▸ **WHAT YOU SHOULD DO**: Exactly and only the lines below from the one containing "Topaz Gemstone in" down to the one containing "リヤドロ 大事な電話 フィギュリン LLADRO (リヤドロ) フィギュリン" are wanted, both included; please exclude every picture.

▸ **THE RECORDS**:

**********

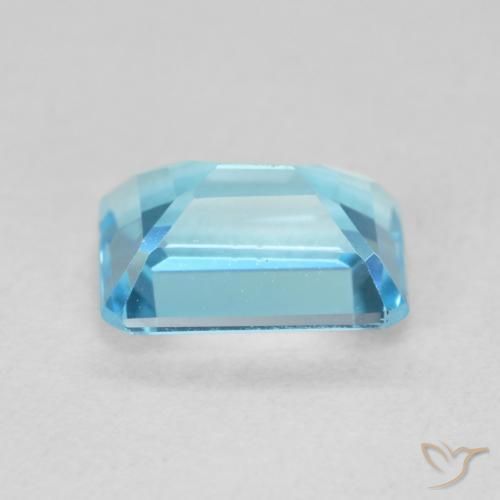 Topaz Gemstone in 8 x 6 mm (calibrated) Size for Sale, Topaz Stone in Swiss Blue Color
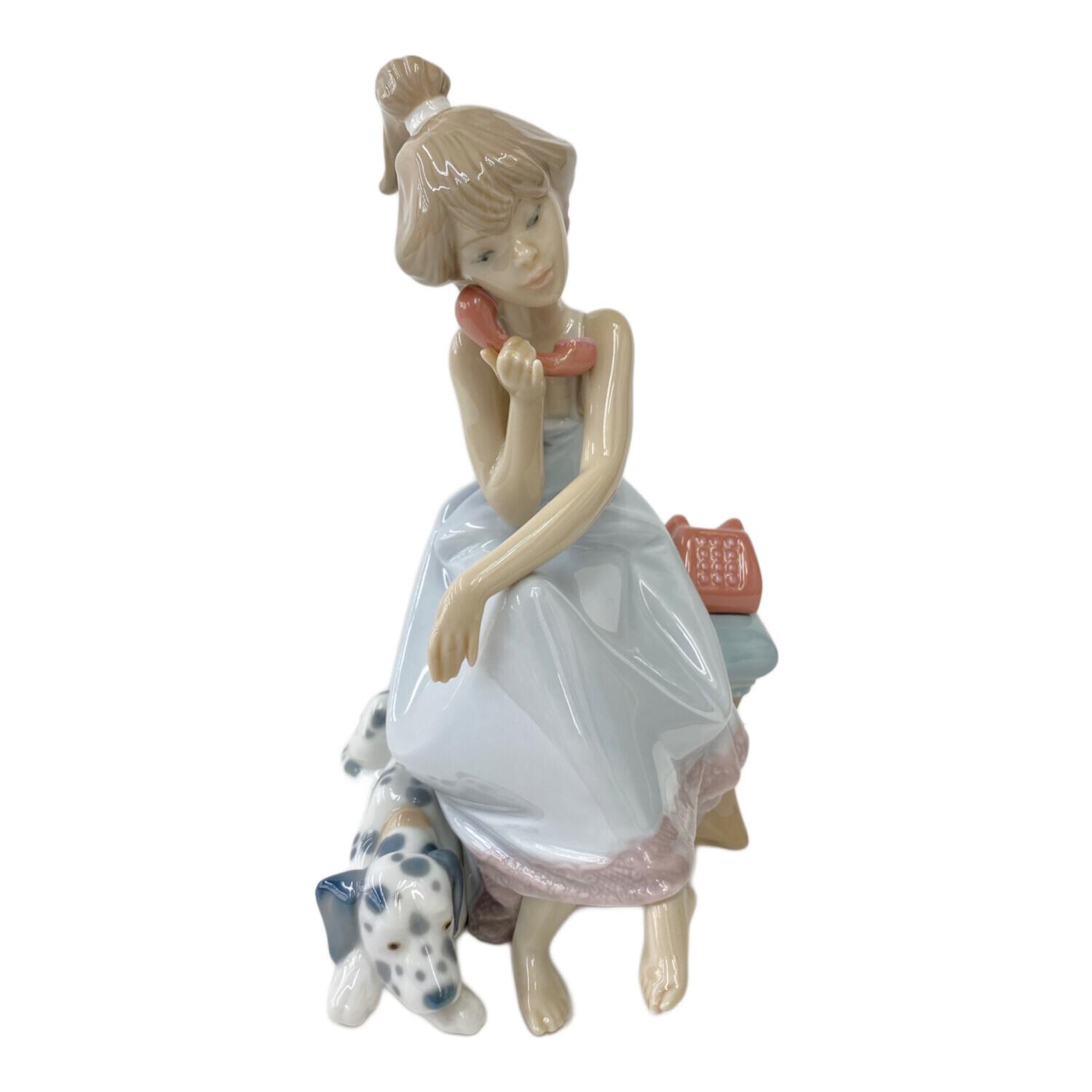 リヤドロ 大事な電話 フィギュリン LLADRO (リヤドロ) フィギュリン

**********

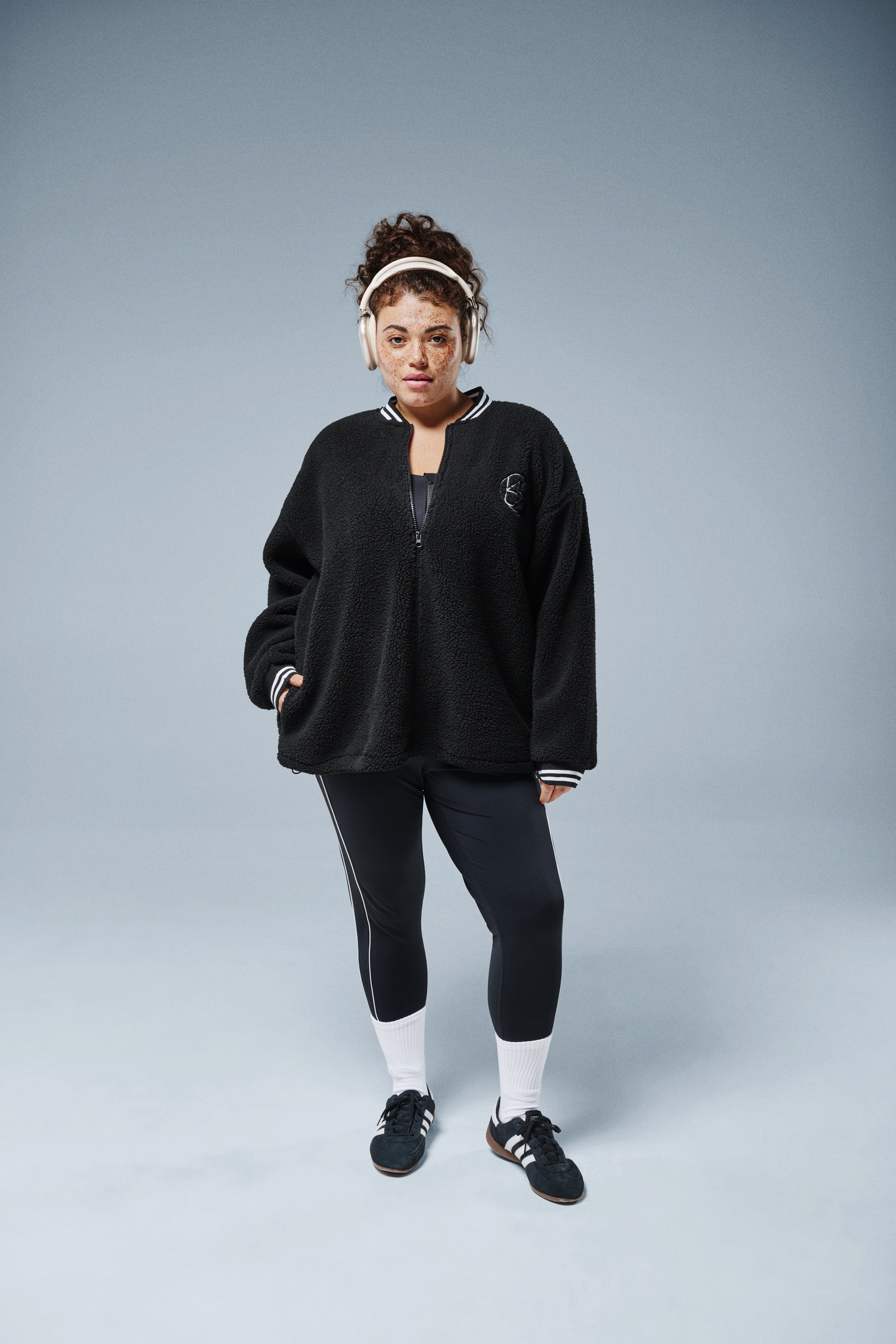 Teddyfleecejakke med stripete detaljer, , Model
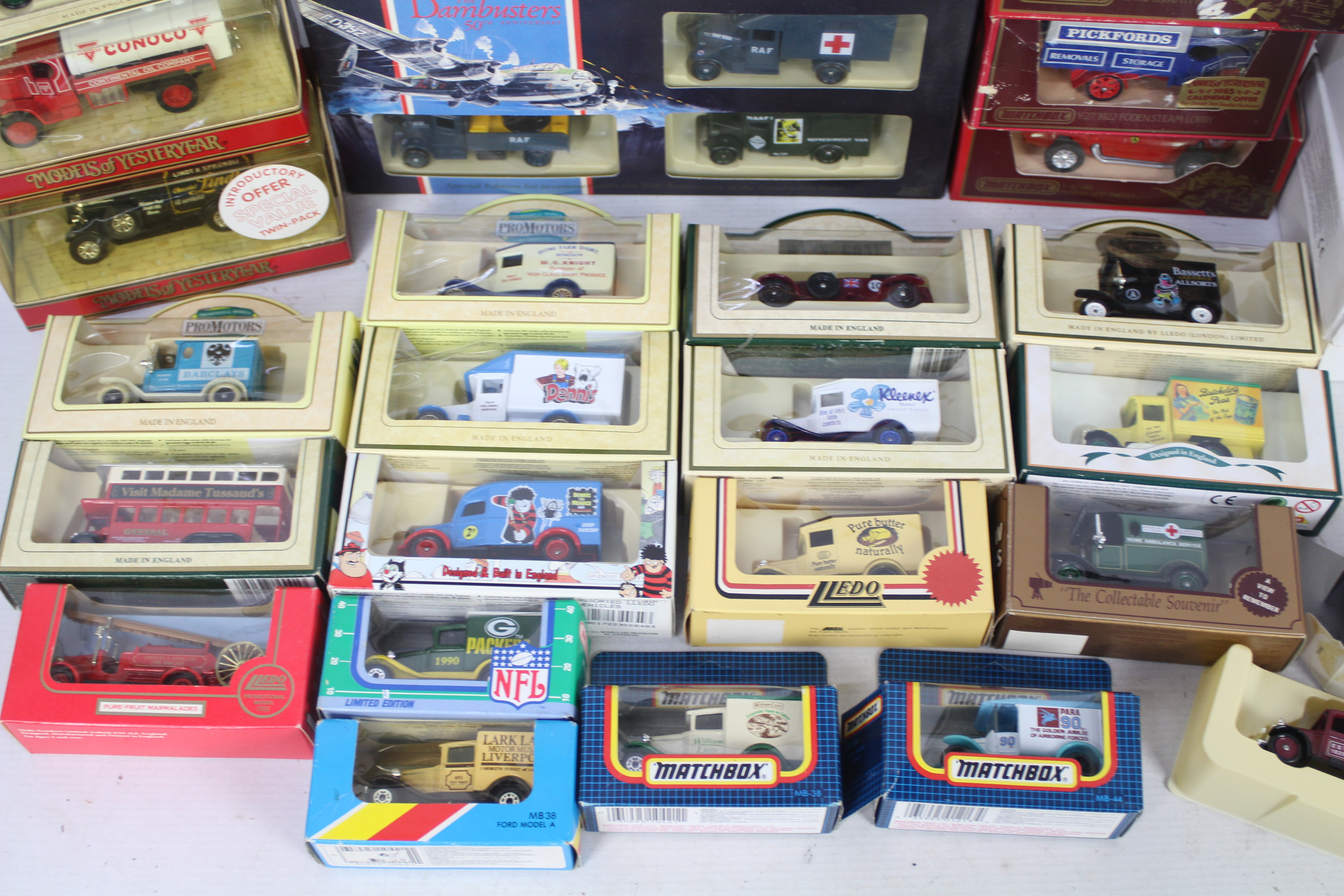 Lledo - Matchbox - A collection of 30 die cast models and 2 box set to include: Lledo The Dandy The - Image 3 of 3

**********

▸ **ANSWER TO THIS TASK**:
 Topaz Gemstone in 8 x 6 mm (calibrated) Size for Sale, Topaz Stone in Swiss Blue Color
 リヤドロ 大事な電話 フィギュリン LLADRO (リヤドロ) フィギュリン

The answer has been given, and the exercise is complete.